SHAREPOINT_FOLDER_PATH = "Documents partages/Indispo_asc_esc"

DOWNLOAD_LOCATION = Path("./downloaded_zip_files")
EXTRACT_LOCATION = Path("./extracted_zip_contents")


def download_and_extract_zip_files_from_sharepoint(
    site_url, username, password, folder_path, download_dir, extract_dir
):
    """
    Connects to SharePoint, downloads ZIP files from a specified folder,
    and extracts them.
    """
    if not username or not password:
        print(
            "Error: SHAREPOINT_USER and/or SHAREPOINT_PASSWORD environment variables not set."
        )
        print("Please set these variables before running the script.")
        return

    try:
        # Create local directories if they don't exist
        download_dir.mkdir(parents=True, exist_ok=True)
        extract_dir.mkdir(parents=True, exist_ok=True)

        # Authenticate and get client context
        user_credentials = UserCredential(username, password)
        ctx = ClientContext(site_url).with_credentials(user_credentials)
        print(f"Successfully authenticated to SharePoint site: {site_url}")

        # Get the target folder
        target_folder = ctx.web.get_folder_by_server_relative_url(folder_path)
        ctx.load(target_folder)
        ctx.execute_query()
        print(f"Accessing folder: {target_folder.properties['ServerRelativeUrl']}")

        # Get files from the folder
        files = target_folder.files
        ctx.load(files)
        ctx.execute_query()

        if not files:
            print(f"No files found in folder: {folder_path}")
            return

        zip_files_found = 0
        for f in files:
            if f.name.lower().endswith(".zip"):
                zip_files_found += 1
                print(f"Found ZIP file: {f.name}")

                # Define download path
                download_file_path = download_dir / f.name

                # Download the file
                print(f"Downloading {f.name} to {download_file_path}...")
                with open(download_file_path, "wb") as local_file:
                    f.download(local_file).execute_query()
                print(f"Successfully downloaded {f.name}")

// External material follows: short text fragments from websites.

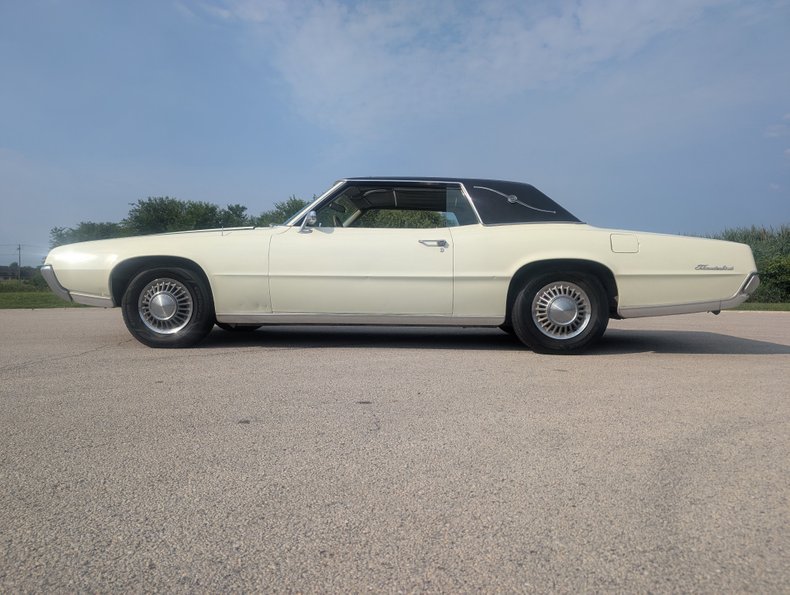 Ford-Thunderbird-1967-Diamond-Green-Green-27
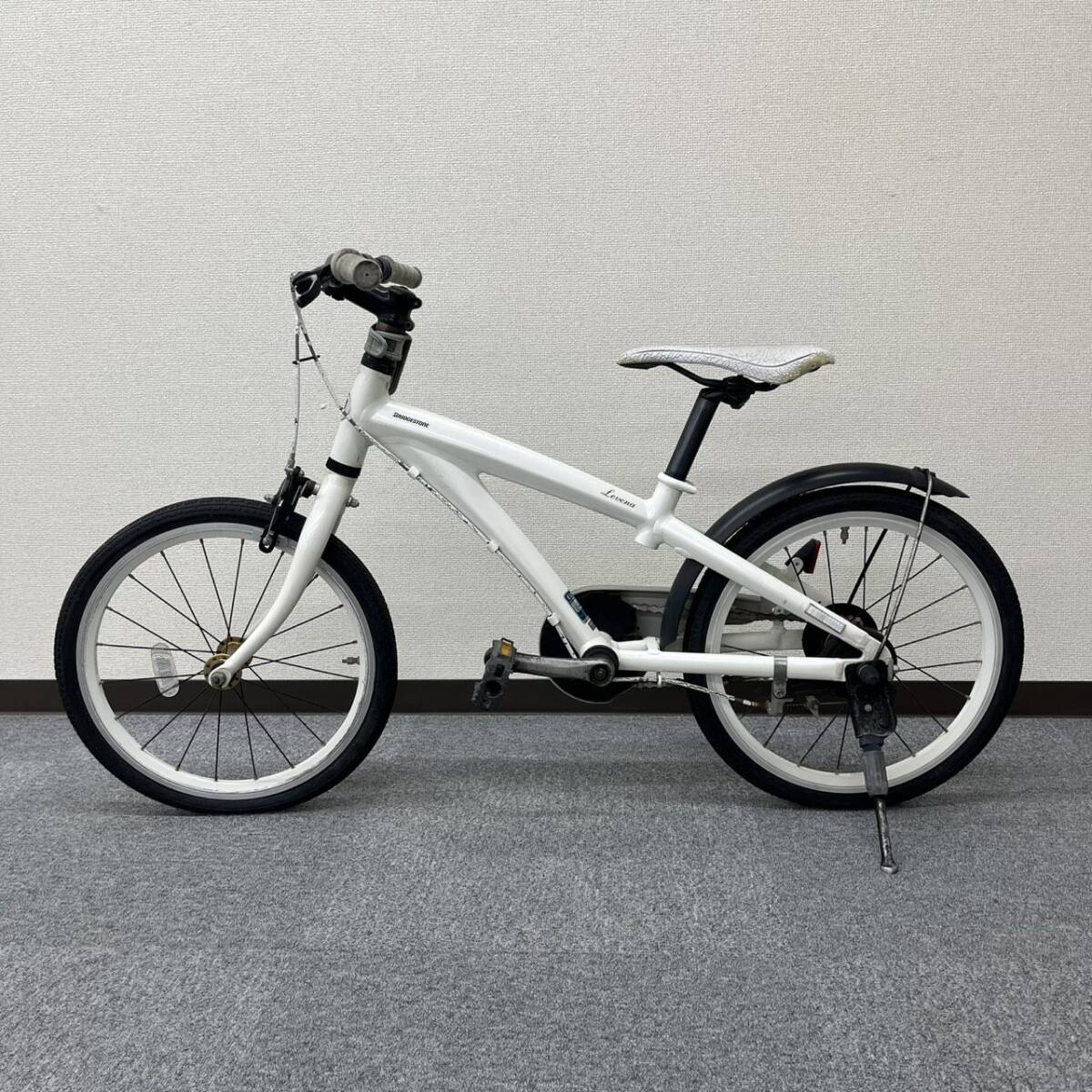 25浦/A027896-1/NT4000/111-1/【足立区まで家財便もしくは引き取り】自転車 BRIDGESTONE ブリヂストン Levena 18インチ拍卖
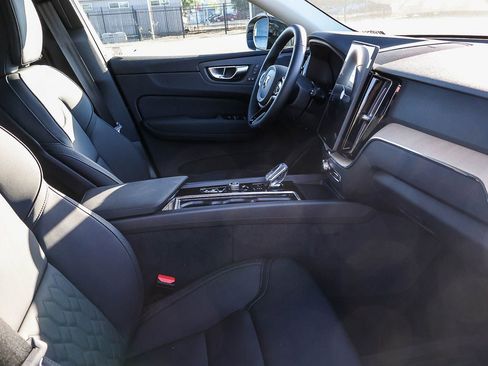 New 2026 Volvo XC60 B5 Plus AWD/4WD image 17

                # Extract the ZIP file
                print(f"Extracting {f.name} to {extract_dir / f.name[:-4]}...")
                try:
                    with zipfile.ZipFile(download_file_path, "r") as zip_ref:
                        # Create a subdirectory for each zip's contents
                        specific_extract_path = extract_dir / f.name[:-4] # Remove .zip extension
                        specific_extract_path.mkdir(parents=True, exist_ok=True)
                        zip_ref.extractall(specific_extract_path)
                    print(f"Successfully extracted {f.name}")
                except zipfile.BadZipFile:
                    print(f"Error: {f.name} is not a valid ZIP file or is corrupted.")
                except Exception as e_zip:
                    print(f"Error extracting {f.name}: {e_zip}")

        if zip_files_found == 0:
            print(f"No .zip files found in the folder: {folder_path}")

    except Exception as e:
        print(f"An error occurred: {e}")
        if "401" in str(e) or "403" in str(e) or "Unauthorized" in str(e).lower():
            print("This might be an authentication issue. Check your credentials and permissions.")
        if "File Not Found" in str(e) or "404" in str(e):
             print(f"Ensure the folder path '{folder_path}' is correct relative to the site URL '{site_url}'.")


if __name__ == "__main__":
    # IMPORTANT: Set these environment variables in your session before running:
    # $env:SHAREPOINT_USER="your_email@example.com"
    # $env:SHAREPOINT_PASSWORD="your_password"
    #
    # For production, consider using Azure AD App Registration (Client ID/Secret)
    # and storing credentials securely (e.g., Azure Key Vault).

    download_and_extract_zip_files_from_sharepoint(
        SHAREPOINT_SITE_URL,
        SHAREPOINT_USERNAME,
        SHAREPOINT_PASSWORD,
        SHAREPOINT_FOLDER_PATH,
        DOWNLOAD_LOCATION,
        EXTRACT_LOCATION,
    )


Error: SHAREPOINT_USER and/or SHAREPOINT_PASSWORD environment variables not set.
Please set these variables before running the script.